Phil Hope: The hon. Gentleman has hit on exactly the point I was trying to make. As a consequence of the 7.4 per cent. increase year on year that the Bill will generate, spending on the national health service from national insurance contributions will rise from £65 billion in this financial year to £105.6 billion in 2007–08. He is right to point out that as a result of the Bill, national insurance contributions will provide the robust financial security for the NHS that it never had under previous Tory Administrations. That is why the Bill is historic.

For a century, Labour has campaigned and fought for social equality and social justice, and for the fundamentals that matter in society, such as people's health. I feel privileged to be in the Chamber for the Second Reading of a Bill that is placing the NHS beyond the ravages of a Tory Government, and putting it in the hands of the people for its future longevity and sound delivery.

It is also significant that this is not just about a system of health care in the United Kingdom. If we get this right, it will be a model for other countries.
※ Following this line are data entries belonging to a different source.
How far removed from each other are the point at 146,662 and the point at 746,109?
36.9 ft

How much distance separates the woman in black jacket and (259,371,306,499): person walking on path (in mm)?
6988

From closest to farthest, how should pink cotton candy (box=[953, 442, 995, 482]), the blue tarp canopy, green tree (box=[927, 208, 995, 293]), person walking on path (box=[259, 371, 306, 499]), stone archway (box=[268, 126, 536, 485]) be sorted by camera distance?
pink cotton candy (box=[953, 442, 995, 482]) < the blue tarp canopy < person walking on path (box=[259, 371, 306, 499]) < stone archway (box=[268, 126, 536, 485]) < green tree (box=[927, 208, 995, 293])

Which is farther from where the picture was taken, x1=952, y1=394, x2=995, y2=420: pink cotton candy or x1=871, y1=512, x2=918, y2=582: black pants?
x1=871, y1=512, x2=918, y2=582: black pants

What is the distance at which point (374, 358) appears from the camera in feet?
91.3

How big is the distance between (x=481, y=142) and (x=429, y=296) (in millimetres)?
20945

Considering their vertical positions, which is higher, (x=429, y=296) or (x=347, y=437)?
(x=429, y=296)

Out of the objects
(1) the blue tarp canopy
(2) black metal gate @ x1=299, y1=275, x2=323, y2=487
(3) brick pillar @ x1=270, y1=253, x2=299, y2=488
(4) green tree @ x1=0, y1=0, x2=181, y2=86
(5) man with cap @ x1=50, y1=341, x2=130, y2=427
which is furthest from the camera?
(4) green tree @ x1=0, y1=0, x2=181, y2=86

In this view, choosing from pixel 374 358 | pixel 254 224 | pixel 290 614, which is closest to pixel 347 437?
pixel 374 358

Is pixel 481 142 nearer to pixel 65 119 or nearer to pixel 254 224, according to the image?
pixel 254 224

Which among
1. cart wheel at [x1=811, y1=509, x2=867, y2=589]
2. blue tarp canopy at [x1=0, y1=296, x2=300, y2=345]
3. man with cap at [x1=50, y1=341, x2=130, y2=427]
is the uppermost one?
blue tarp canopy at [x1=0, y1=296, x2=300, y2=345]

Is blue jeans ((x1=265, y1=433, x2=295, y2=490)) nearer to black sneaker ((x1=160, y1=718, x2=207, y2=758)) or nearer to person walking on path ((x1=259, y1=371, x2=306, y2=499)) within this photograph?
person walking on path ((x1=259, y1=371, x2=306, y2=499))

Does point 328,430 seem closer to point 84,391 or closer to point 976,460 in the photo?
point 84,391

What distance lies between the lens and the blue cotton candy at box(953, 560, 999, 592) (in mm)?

It will show every western democracy and every emerging democracy in other parts of the world that we can deliver health care through general taxation that meets people's needs without forcing them to pay from their own pockets, without making the sick pay for being sick. We do not have to go down that route. The Labour Government in the United Kingdom are showing the world one of the most spectacular success stories. [Interruption.] Tory Members are shaking their heads. They cannot bear the thought that a Labour Government are showing the world how to produce one of the finest health services on the planet, which is fairly funded and efficiently delivered.

I could not believe it when the hon. Member for Oxford, West and Abingdon (Dr. Harris) said that national insurance contributions were not a progressive form of taxation. Of course they are. That is the point about national insurance: people pay according to how much they earn. Moreover, pensioners on low fixed incomes will not have to pay because they do not pay national insurance. As we know, pensioners use the NHS disproportionately; the older people get, the more ill they will be. How much more progressive can you get? Those who need the health service most will not have to pay for these extra resources.